(Records from a collection)
------------------------------------------------------------
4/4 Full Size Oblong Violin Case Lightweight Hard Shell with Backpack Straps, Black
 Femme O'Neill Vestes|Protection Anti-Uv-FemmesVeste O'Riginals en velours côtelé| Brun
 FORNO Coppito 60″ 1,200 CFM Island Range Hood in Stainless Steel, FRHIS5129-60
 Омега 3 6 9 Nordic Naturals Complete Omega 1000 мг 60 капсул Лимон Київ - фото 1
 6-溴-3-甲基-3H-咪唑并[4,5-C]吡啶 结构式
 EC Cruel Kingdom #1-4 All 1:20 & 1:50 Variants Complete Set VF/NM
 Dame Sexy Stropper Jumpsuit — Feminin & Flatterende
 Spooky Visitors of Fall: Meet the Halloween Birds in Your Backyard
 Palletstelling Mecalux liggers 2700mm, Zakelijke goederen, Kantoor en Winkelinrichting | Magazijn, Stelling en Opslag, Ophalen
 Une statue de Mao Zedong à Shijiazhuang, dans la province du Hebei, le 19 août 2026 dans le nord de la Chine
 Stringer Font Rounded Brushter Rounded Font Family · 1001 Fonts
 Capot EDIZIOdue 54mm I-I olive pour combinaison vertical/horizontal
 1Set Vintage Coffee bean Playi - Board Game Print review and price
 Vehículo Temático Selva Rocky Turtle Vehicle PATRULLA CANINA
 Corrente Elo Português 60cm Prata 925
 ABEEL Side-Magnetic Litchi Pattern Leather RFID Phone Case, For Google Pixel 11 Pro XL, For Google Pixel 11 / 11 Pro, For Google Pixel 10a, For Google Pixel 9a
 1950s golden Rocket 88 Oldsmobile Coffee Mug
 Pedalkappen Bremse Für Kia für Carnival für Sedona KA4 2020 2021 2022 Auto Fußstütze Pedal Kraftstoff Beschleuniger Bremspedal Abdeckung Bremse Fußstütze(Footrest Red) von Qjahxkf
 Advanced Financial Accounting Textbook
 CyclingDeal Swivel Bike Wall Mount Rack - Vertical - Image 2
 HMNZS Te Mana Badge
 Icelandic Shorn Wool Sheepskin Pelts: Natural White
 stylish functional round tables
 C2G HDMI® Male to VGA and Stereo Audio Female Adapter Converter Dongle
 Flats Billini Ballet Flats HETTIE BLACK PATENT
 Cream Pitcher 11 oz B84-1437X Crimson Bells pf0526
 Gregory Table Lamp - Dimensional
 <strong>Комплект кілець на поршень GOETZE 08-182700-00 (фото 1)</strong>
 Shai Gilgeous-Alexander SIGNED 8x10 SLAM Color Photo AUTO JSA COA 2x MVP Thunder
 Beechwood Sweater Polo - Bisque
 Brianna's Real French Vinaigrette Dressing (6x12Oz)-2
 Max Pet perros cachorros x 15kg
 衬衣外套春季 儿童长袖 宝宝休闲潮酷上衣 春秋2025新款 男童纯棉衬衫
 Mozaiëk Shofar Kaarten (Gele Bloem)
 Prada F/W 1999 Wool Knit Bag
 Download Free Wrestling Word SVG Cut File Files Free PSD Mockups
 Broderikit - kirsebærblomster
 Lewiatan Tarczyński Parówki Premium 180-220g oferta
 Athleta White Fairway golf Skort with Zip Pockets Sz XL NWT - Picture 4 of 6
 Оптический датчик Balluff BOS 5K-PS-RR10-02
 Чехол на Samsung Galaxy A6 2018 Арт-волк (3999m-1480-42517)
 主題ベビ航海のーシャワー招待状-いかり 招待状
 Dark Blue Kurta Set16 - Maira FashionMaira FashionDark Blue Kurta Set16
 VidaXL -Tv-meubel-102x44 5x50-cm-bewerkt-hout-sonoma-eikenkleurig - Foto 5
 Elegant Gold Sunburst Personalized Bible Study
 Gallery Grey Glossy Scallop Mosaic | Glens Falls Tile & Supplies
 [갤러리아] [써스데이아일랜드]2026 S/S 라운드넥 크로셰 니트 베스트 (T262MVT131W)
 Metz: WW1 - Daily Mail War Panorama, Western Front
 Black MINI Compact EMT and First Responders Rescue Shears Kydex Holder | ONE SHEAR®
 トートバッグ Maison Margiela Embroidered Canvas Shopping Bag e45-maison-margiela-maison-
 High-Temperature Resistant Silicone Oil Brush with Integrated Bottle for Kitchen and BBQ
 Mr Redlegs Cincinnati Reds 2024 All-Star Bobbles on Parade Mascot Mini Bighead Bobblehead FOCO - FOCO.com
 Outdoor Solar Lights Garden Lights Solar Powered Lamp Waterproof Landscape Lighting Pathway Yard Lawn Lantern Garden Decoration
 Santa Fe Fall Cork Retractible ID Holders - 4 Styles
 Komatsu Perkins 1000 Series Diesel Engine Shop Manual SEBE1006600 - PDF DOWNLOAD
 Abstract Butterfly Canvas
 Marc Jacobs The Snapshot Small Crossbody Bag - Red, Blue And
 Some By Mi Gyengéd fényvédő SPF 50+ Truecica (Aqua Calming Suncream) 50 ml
------------------------------------------------------------
• WHAT TO PRODUCE: Your task is to quote, without any alteration, the lines running from the top of the records to the line that holds "EC Cruel Kingdom", both included.

• YOUR RESPONSE:
4/4 Full Size Oblong Violin Case Lightweight Hard Shell with Backpack Straps, Black
 Femme O'Neill Vestes|Protection Anti-Uv-FemmesVeste O'Riginals en velours côtelé| Brun
 FORNO Coppito 60″ 1,200 CFM Island Range Hood in Stainless Steel, FRHIS5129-60
 Омега 3 6 9 Nordic Naturals Complete Omega 1000 мг 60 капсул Лимон Київ - фото 1
 6-溴-3-甲基-3H-咪唑并[4,5-C]吡啶 结构式
 EC Cruel Kingdom #1-4 All 1:20 & 1:50 Variants Complete Set VF/NM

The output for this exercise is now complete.